All About Cob: A Sculptural, Natural Building Material

How is Cob Made?

(images via: middle earth home)

First, cob builders must test the earth that is available to them to check the proportions of clay and sand and adjust it accordingly. Long straw fibers are mixed into the clay and sand to provide tensile strength. After adding water, cob builders mix it all up, usually by stepping on clumps of it on top of a tarp. Globs of the cob mixture can then be slapped onto a stone foundation to create walls.

There are a few variations of this technique. Some builders choose to use heavy construction equipment to mix the cob, as doing so by hand (or rather, by foot) is a labor-intensive process. The cob can also be shaped into ‘loaves’ and then arranged neatly to form the walls. The mixture can be smoothed over by hand or trowel, and uneven parts are shaved away or built upon as the walls are raised.

(images via: tiny house blog)

Pipes, wires, outlets and other necessary additions are laid into the walls as they’re built. Wooden anchors called ‘deadmen’ are also buried within the cob; these will provide the support for doors and windows. When the walls are complete, they are allowed to dry thoroughly, usually for several weeks or even months. Cracks that have formed in the cob as it dried are then repaired.
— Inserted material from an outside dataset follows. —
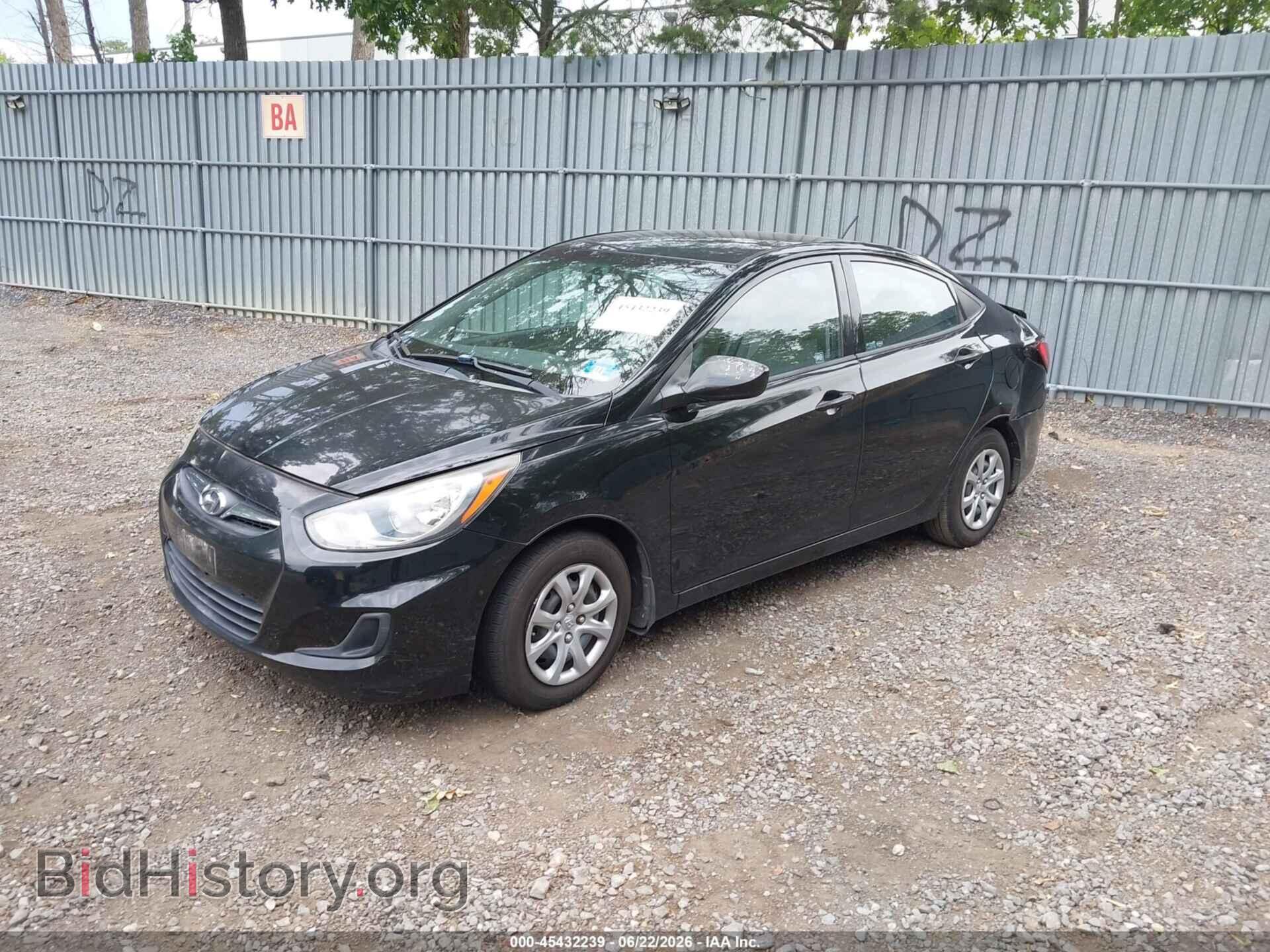 2013 HYUNDAI ACCENT - VIN: KMHCT4AE2DU352593 - Фото 2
(images via: gordecosense)

Earthen plaster is used to smooth over the walls for the final finish. This is typically made using a creamy mixture of earth, water, manure, wheat paste and sometimes natural fibers like cattails. Bare cob floors can be simply finished with linseed oil for a surprisingly durable, beautiful look. For a full how-to, see ‘The Hand-Sculpted House: A Practical and Philosophical Guide to Building a Cob Cottage.’